A imprevisibilidade do câmbio nos últimos meses chega a prejudicar os negócios?

Estamos em um mercado cada vez mais globalizado, com um sistema de troca baseado em moedas. Não foi só o real que se desvalorizou ou apenas a bolsa brasileira que caiu. O que está acontecendo agora é muito diferente dos efeitos que vimos no mercado com o vazamento dos áudios do Joesley Batista (da JBS), por exemplo.

A Reforma Tributária vai avançar?

Sinto uma grande evolução nas discussões sobre o tema. Hoje, há interesse e sabe-se da necessidade que a reforma tem para a economia do país. Ninguém tem uma varinha mágica que vai resolver o problema como um todo. Mas o fato é que pioramos e precisamos sair dessa situação. Em 1988, a carga tributária do país era de 23%. Hoje, é 37%. Algo precisa ser feito. Temos uma burocracia que foi construída ao longo de 30 anos, não é fácil desarmá-la. Acho que um bom começo é dar consciência para a sociedade, do cidadão às empresas, sobre a importância da oportunidade que temos agora.

Qual é a sua opinião sobre as propostas colocadas sobre a mesa?

Pelo que vimos das propostas apresentadas até agora, não há um modelo perfeito, por isso vai ter de ser um “Frankstein”, juntando as melhores ideias de cada projeto.
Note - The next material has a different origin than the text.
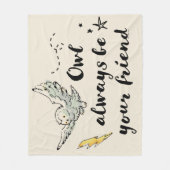 フクロウはいつも友 フリースブランケット (正面)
O importante é saber qual é a abrangência dessa reforma, a sua incidência e como será a transição para as novas regras. Não concordo, por exemplo, com o fim das desonerações. O governo precisa ter uma política de incentivo, não dá para simplesmente quebrar um contrato. Fala-se muito da Zona Franca de Manaus, mas ela representa apenas 8% das desonerações. Dependendo da forma como a reforma tributária for feita, pode levar a uma judicialização, o que é muito ruim. Os direitos adquiridos devem ser respeitados.
 
Não existe um risco de aumentar a sonegação à medida que as regras para a tributação forem mais rigorosas, frustrando os planos de arrecadação?
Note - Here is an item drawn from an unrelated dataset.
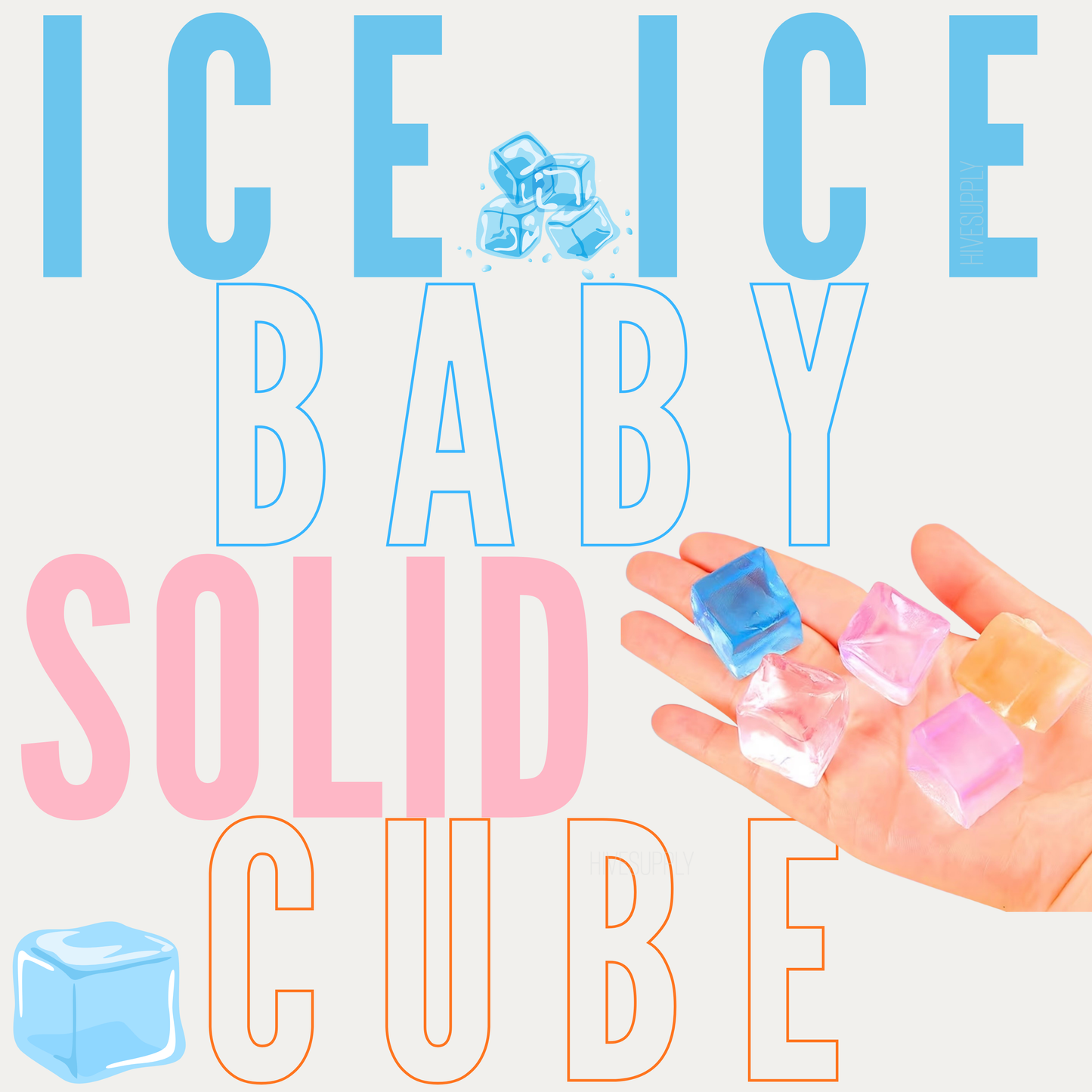 Ice Cube Squishy Toy - Solid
Hoje, a informalidade chega a 40% da economia. Dependendo da forma como os tributos forem cobrados, não tem como sonegar. Não se vive mais sem os bancos, mesmo aqueles que são informais. É preciso comprar matéria-prima, vender produtos, não tem como fazer isso fora do sistema financeiro. O que não dá é continuar como está, com as empresas gastando 2.600 horas para estarem adequadas à governança exigida na área tributária. Algo precisa ser feito. Segundo o site da Receita Federal, 60% da arrecadação da Pessoa Jurídica vem de 0,01% das empresas. Isso mostra quão injusta é a legislação. A pessoa física é inocente até que se prove o contrário. Já a PJ, ao sofrer uma autuação, não tem como discutir, vai ter de arcar com um depósito judicial. Olha outro exemplo de necessidade de mudança. Sou 200% a favor do Simples, mas do jeito que ele é hoje funciona como um desestímulo ao crescimento das empresas, porque se elas faturarem acima do que prevê a regra, ficam fora do Simples, pagam muito mais imposto e o negócio se torna inviável. É uma solução boa, mas sem visão de longo prazo.
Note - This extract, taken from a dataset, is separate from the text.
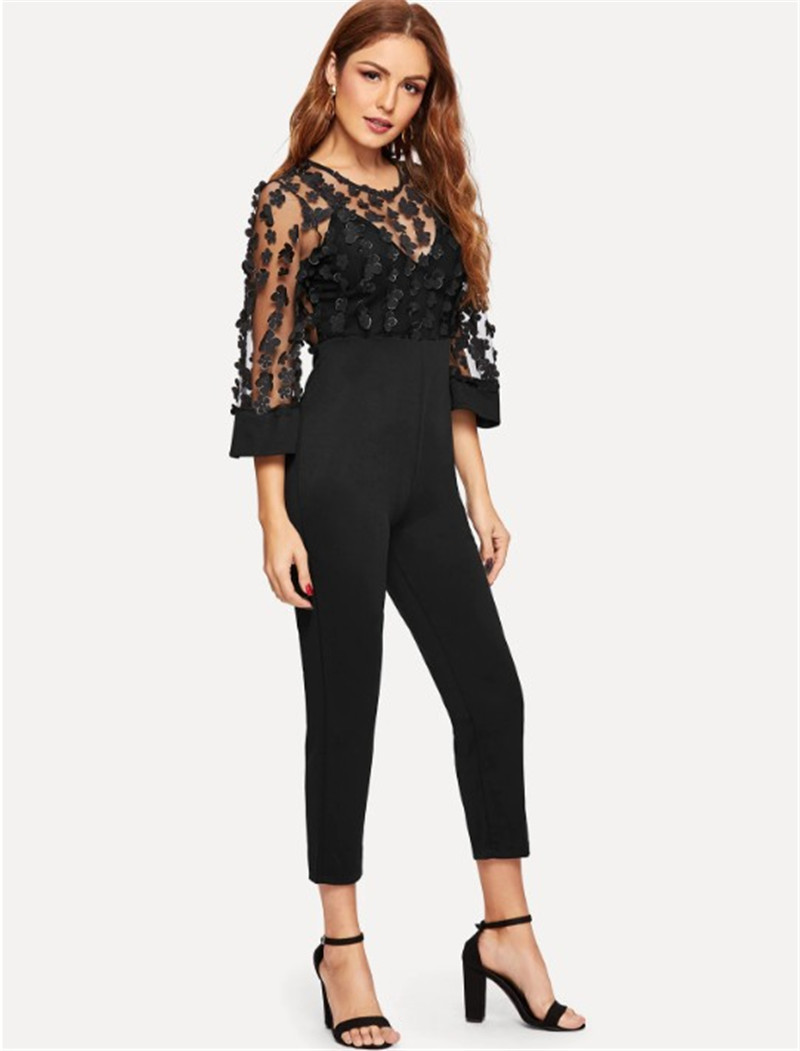 Salopetă elegantă pentru femei, cu spatele gol și mâneci 3/4 în negru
Mas e o Refis, ao qual tantas empresas recorrem, deve continuar?

Hoje, há tantas coisas urgentes que eu não colocaria o Refis ou a revisão do Simples neste primeiro momento da reforma, não são prioridades.

Qual é a sua avaliação sobre esse início de governo?

O que eu vejo é muita manchete de jornal, mas a gente não sabe o que foi falado de fato. O fato é que esse é um governo eleito legitimamente. Não vejo nada que o desabone até agora. Não faço juízo de valor da pessoa. O fato é que o ministro Paulo Guedes tem uma equipe excelente. Tem muita coisa boa sendo feita, mas não vejo nada muito positivo sobre essas medidas. Por exemplo, no caso da liberação dos R$ 500 do FGTS, da mudança das regras no setor de gás ou no caso da BR Distribuidora. O governo padece de comunicação. Isso é uma arte e precisa ser melhorado.

Essa polarização política o incomoda?

Ninguém deve ser tratado como inimigo porque diverge. O inimigo é o crime, o nível de saúde que temos no Brasil, isso sim. Essa polarização é ridícula, míope e rasa. Mas ela acontece porque é a forma de sobrevivência de cada um dos lados.